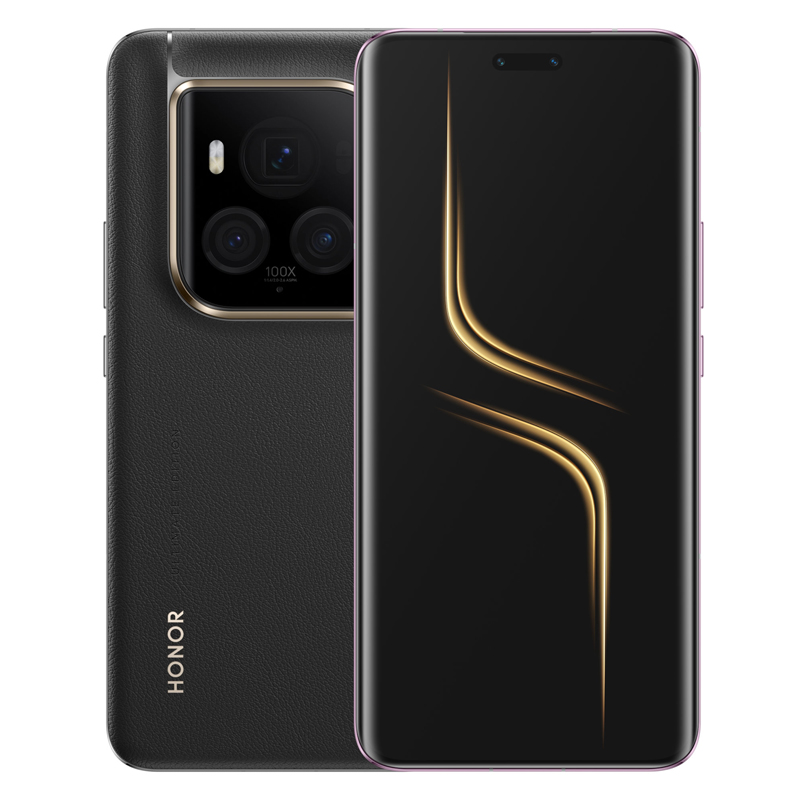 گوشی آنر مجیک 6 آلتیمیت ظرفیت 512GB رم 16GB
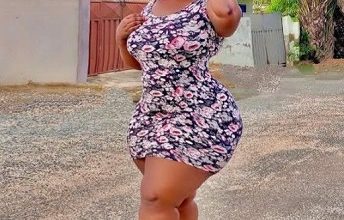 best dating sites for single mothers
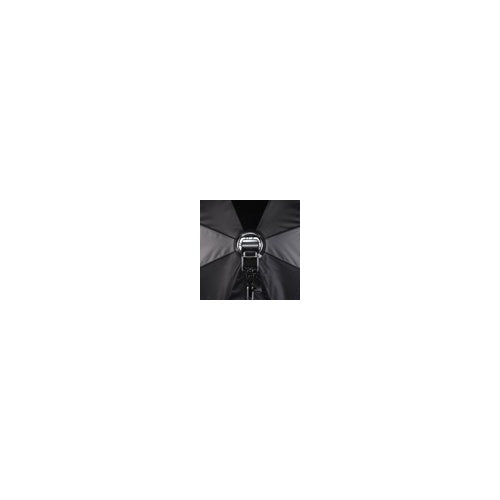 Westcott 48-Inch Octa-L Rapid Box Switch Softbox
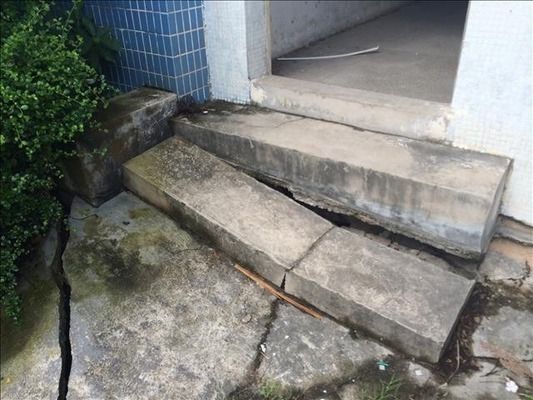 承重墻檢測報告和評估報告有什么區(qū)別 結(jié)構(gòu)機械鋼結(jié)構(gòu)施工 第1張 承重墻檢測報告和評估報告有什么區(qū)別 結(jié)構(gòu)機械鋼結(jié)構(gòu)施工 第1張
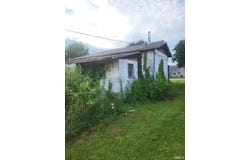 114 E Christy Street, Marion, IN 46952-2141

WORK REQUIRED:
Transcribe the entries above verbatim, excluding any image.

ANSWER SECTION:
 گوشی آنر مجیک 6 آلتیمیت ظرفیت 512GB رم 16GB
 best dating sites for single mothers
 Westcott 48-Inch Octa-L Rapid Box Switch Softbox
 承重墻檢測報告和評估報告有什么區(qū)別 結(jié)構(gòu)機械鋼結(jié)構(gòu)施工 第1張 承重墻檢測報告和評估報告有什么區(qū)別 結(jié)構(gòu)機械鋼結(jié)構(gòu)施工 第1張
 114 E Christy Street, Marion, IN 46952-2141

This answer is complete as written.